Minggu, 24 Januari 2016

Vuoto, "Tuhan Tidak Bermain Dadu"



Satu dari sekian hal yang sering dilakukan mahasiswa, dalam hal ini seorang introvert, adalah mengamati lingkungan. Sebagian orang berfikir bahwa lingkungan tempat mereka berinteraksi adalah “itu-itu saja”, nothing interest! Sebagian pula mungkin berserapah dalam otaknya mengatakan bahwa kegiatan dengan label “mengamati lingkungan” adalah suatu hal konyol yang memboroskan waktu. Hal tersebut pun berlaku pada orang dengan ideologis dangkal yang berada di zona nyamannya.
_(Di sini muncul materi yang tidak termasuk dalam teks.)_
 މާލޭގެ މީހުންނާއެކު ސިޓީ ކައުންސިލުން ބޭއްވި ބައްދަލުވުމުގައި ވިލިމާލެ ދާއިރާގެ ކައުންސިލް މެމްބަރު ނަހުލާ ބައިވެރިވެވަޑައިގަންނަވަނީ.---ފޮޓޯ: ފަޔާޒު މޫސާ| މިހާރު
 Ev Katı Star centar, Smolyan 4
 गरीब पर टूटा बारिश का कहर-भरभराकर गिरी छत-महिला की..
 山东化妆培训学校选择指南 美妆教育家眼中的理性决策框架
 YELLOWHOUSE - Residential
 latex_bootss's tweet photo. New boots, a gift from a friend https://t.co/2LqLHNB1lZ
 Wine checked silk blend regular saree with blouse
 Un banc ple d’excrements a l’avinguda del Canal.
Mereka cenderung masa bodoh. Namun, hal di atas tidak berlaku dengan bocah ini. Seorang bocah yang kata kebanyakan teman sekelasnya lebih banyak berkutat dengan laptop dan buku-buku tebal, saking tebalnya hingga dapat kau jadikan alas kepala ketika kuliah pakar tiba. Bocah lelaki yang watak tabiatnya terkadang bertolak dengan sifat pribadinya. Bocah yang sering diam saat teman-temannya saling celutuk karena kalah main game COC tapi berteriak lantang saat diskusi forum terbuka. Dan bocah lelaki ini lebih suka jalan-jalan menyusuri bantaran kali ibu kota ketimbang nongkrong di warung kopi, seperti yang ia sedang lakukan sekarang. Sambil menggenggam sekantong kresek hitam sedang, ia menghela nafas panjang. Sandal jepit karet yang ia kenakan menimbulkan bunyi khas diikuti debu-debu halus berhamburan setiap kali kakinya melangkah. Dari kejauhan terdengar teriakan kecil memanggil namannya. Ia lantas menghentikan langkah dan celingukan mencari sumber suara. Tidak lama ia merasa seseorang memeluk kakinya lembut dari belakang sambil tertawa cengingisan. Seorang anak perempuan usia sekitar lima tahun, berpakaian dekil, dan rambut dikepang dua menggumamkan kata rindu padannya. Memang benar sudah satu bulan ini ia tidak berkunjung lantaran sibuk dengan tugas kuliah dan project paper garapannya. Lelaki itu terkekeh lembut, membuat kedua bahunya bergetar. Ia berbalik, menyamakan posisinya dengan anak perempuan itu. Tangan kanannya mengacak asal rambut anak itu membuanya mencerucutkan bibir kesal. Ia lantas tersenyum hingga nampak lesung pipinya, diikuti oleh si anak perempuan.